Gürültünün parçası olursun
sadece.
Suyun yanında olanlar suyu
en az içenlerdir. Çünkü su nasılsa burada, lüzum yok ki suyu kana kana içmeye
diye düşünürler...
Aynen, sesini sürekli
duyanların seni dinlemedikleri gibi!
Sen, hep bir su olduğunu
düşün. Su gibi güzel, su gibi yararlı, su gibi vazgeçilmez...
Ve su gibi hayat kaynağı
olduğunu düşün.

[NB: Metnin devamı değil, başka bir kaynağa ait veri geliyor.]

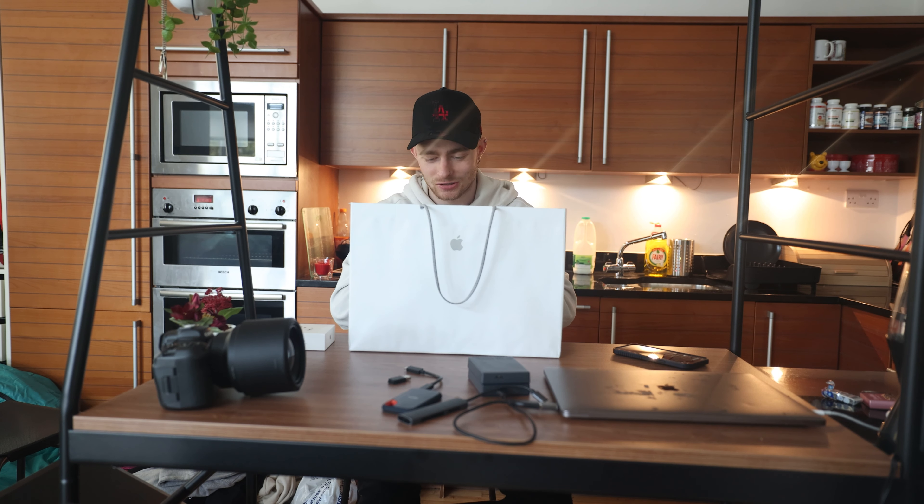Okay, welcome back to another video. This is probably one of the most exciting times I have been for a video — that doesn't even make any sense — but I am so, so excited for this video.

Ama su gibi yaşatıcı ol, su gibi yıkıcı, sürükleyici ve
öldürücü değil!
Sen bir su ol... Ama
rahmet ol, afet değil!
Su isen tarlalarını basma
insanların, yuvalarını yıkma, ocaklarını söndürme, sana felaket denmesin!
Su isen bir bardağa
sığabil ki; damarlara giresin!
Su yüce Allah’ın insanlar
için yarattığı en büyük nimetlerden biri...
Suya benzediğini unutma!
Su gibi özel, su gibi güzel, su gibi faydalı, su gibi lüzumlu ve su gibi bitmez,
tükenmez olduğunu da unutma.
Ayrıca su gibi sakin
olabileceğin gibi, su gibi de kıyametler koparıcı olabileceğini unutma...
Unutma; senin işin rahmet
olmak, afet değil!
Vadiler varken önünde ve
ovalar varken, yayılabileceğin küçük ırmaklara ayırabiliyorsan kendini ve bardaklara bölebiliyorsan, hayat verirsin çevrene.
Ve yaşayabilirsin dünya
dönmesine devam ettiği müddetçe...
Tercih elindeydi hep ve
hep de senin ellerinde olacak...
Ya tutmayı öğreneceksin
dilini veya hiç durmadan konuştuğun için, sadece bomboş ve anlamsız sesler
çıkartan birisi olduğunu zannettireceksin çevrendeki insanlara!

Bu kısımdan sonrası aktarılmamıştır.